Hey Zelda - you're rocking review day so I thought I'd stop by and leave a review for you myself!
I see what you mean in the author's note with the 10 point words at the bottom of the piece especially. I actually enjoy how you use some of them and don't find it too awkward as far as the flow goes, but if you do revisit this maybe consider making the word choice a bit more consistent? Like the last several lines seemed to have all the really tough words while the first half was pretty average for word choice -- if you spread it out or elevate some of the beginning you'll have a more balanced feel. But nice work actually incorporating these into your piece in a way that makes sense!

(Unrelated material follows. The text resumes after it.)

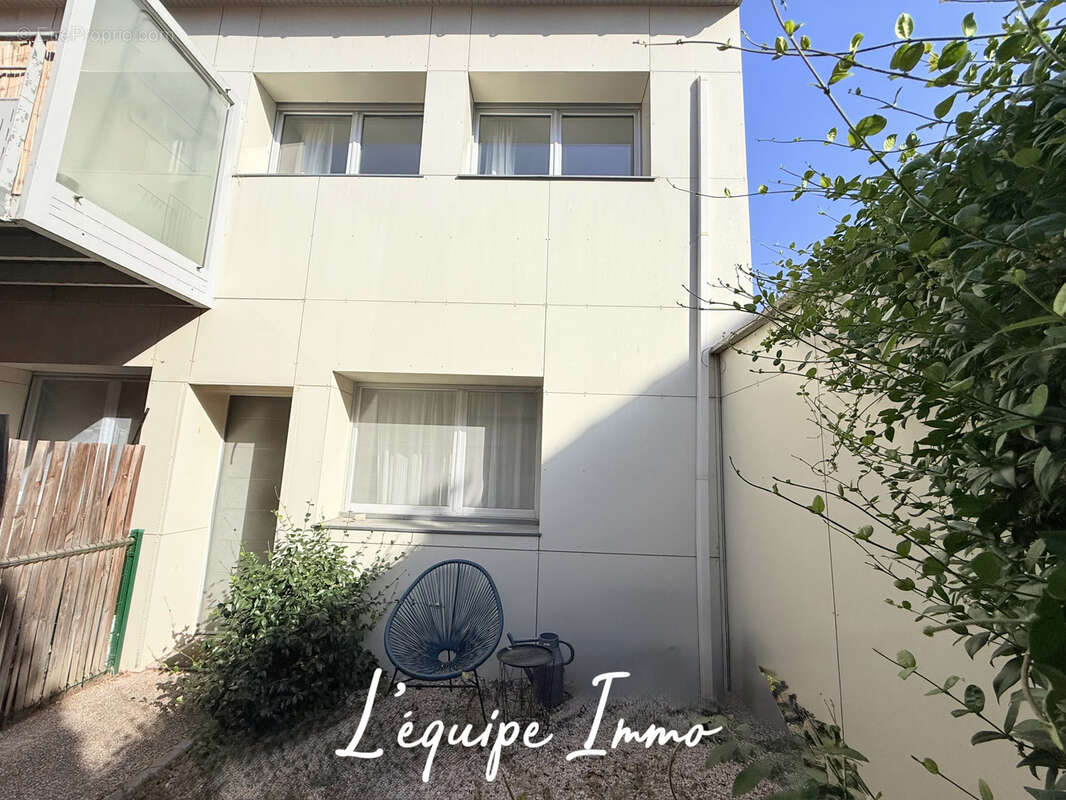 Coeur Sept Deniers- Maison Duplex T2 de 45 m2 avec parking et jardin. - photo 4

My main suggestion for this piece is that at a few places it felt like you were just doing a bunch of 3-5 word statements that had little relation to each other. One way to remedy this is to let more of the sentences bleed into the next line (even if you need to break up phrases). You can also look at some of your punctuation to get a clear idea of what's being repeated too much.
For instance if a capital letter is C and an uncapital letter is U -- you want your line beginnings to look kind of like this:
C
U
U
C
U
C
U
U
U
C
C
(does that make sense? It's random! That's the point -- you mix up sentence structure a bit for variety)
In a few places in your poem it was like this:
C
C
C
C
U
C
U
C
U
C
(see how repetitious that is? You want to have a bit more variety! This will help the lines not feel so choppy)
Overall on theme, I like what you're doing -- the idea of a person feeling like a mirror to another person is just interesting and although I'd love a bit more imagery in here about that aspect, I think you nailed some of the more philosophical considerations of that theme.
If you have any questions about my review, feel free to ask.